Material provided START

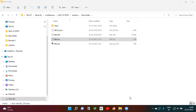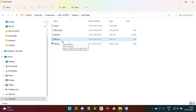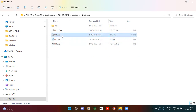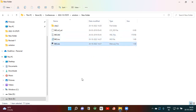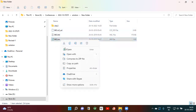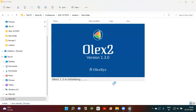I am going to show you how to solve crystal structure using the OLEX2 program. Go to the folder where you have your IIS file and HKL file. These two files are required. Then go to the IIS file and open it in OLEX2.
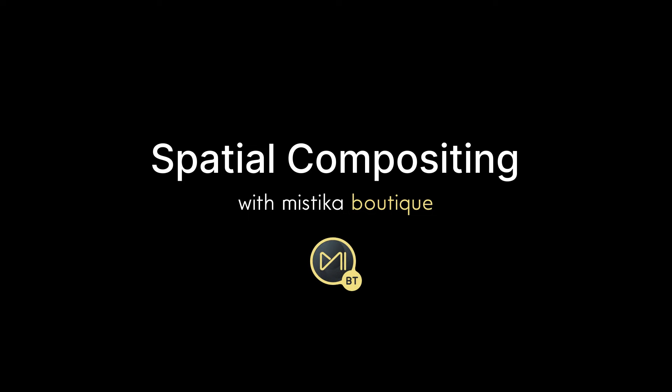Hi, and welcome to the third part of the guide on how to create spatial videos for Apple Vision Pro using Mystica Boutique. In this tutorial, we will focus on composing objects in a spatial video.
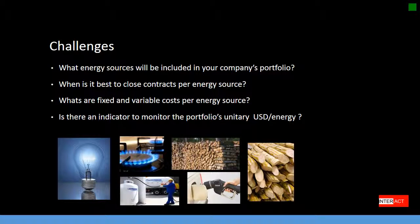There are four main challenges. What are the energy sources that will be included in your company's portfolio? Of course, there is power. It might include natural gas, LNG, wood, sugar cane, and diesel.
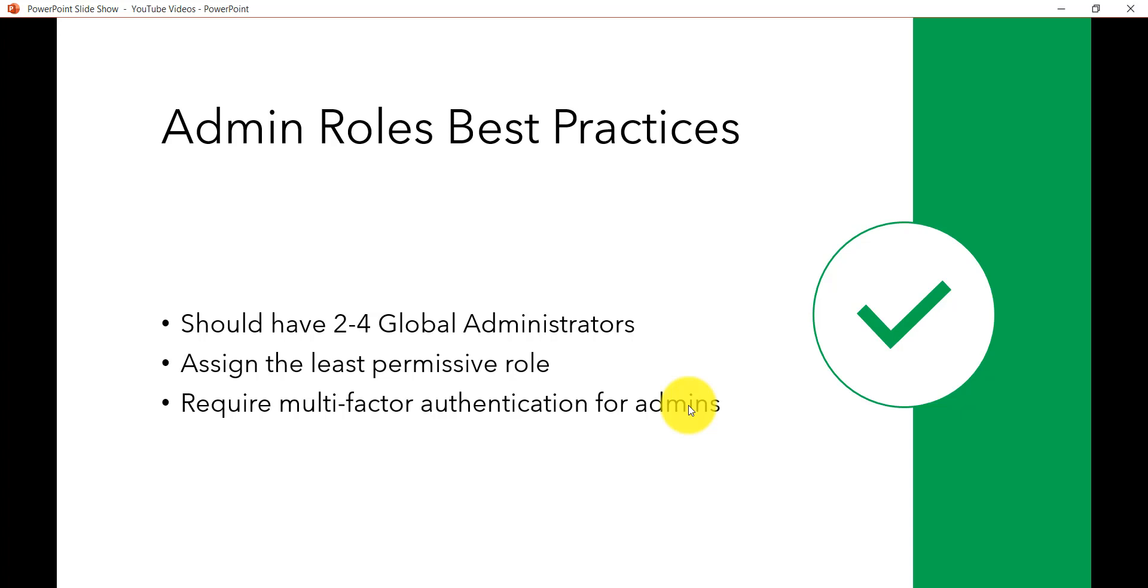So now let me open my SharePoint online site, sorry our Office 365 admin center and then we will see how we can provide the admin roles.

Material provided END
Material provided START

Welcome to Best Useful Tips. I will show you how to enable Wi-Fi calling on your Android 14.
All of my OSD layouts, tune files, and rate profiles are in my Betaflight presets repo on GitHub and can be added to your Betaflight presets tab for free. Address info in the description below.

Material provided END
Material provided START

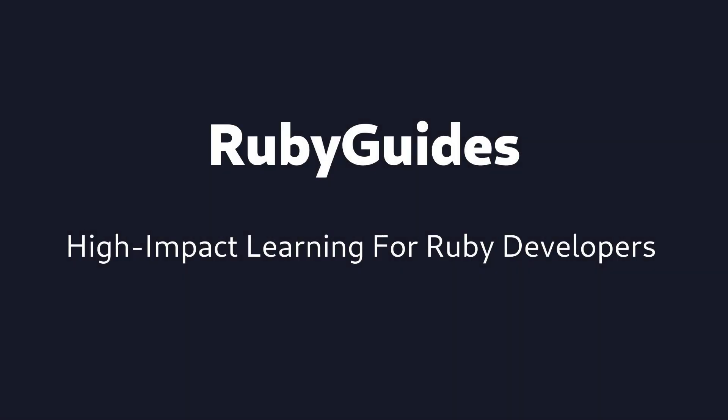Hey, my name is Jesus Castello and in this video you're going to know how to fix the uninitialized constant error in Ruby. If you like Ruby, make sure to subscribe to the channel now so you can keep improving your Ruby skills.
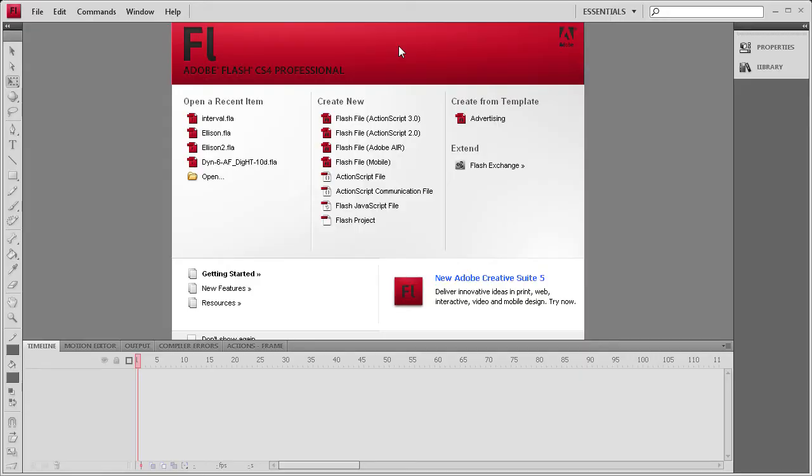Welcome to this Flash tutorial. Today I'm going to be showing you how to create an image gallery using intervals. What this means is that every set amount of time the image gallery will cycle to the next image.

Material provided END

[Task goal] Copy exactly the part of the material above that opens with the line containing "I am going to" and closes with the line containing "So now let me", ends included. Drop the images.

[Solution below]
I am going to show you how to solve crystal structure using the OLEX2 program. Go to the folder where you have your IIS file and HKL file. These two files are required. Then go to the IIS file and open it in OLEX2.
Hi, and welcome to the third part of the guide on how to create spatial videos for Apple Vision Pro using Mystica Boutique. In this tutorial, we will focus on composing objects in a spatial video.
There are four main challenges. What are the energy sources that will be included in your company's portfolio? Of course, there is power. It might include natural gas, LNG, wood, sugar cane, and diesel.
So now let me open my SharePoint online site, sorry our Office 365 admin center and then we will see how we can provide the admin roles.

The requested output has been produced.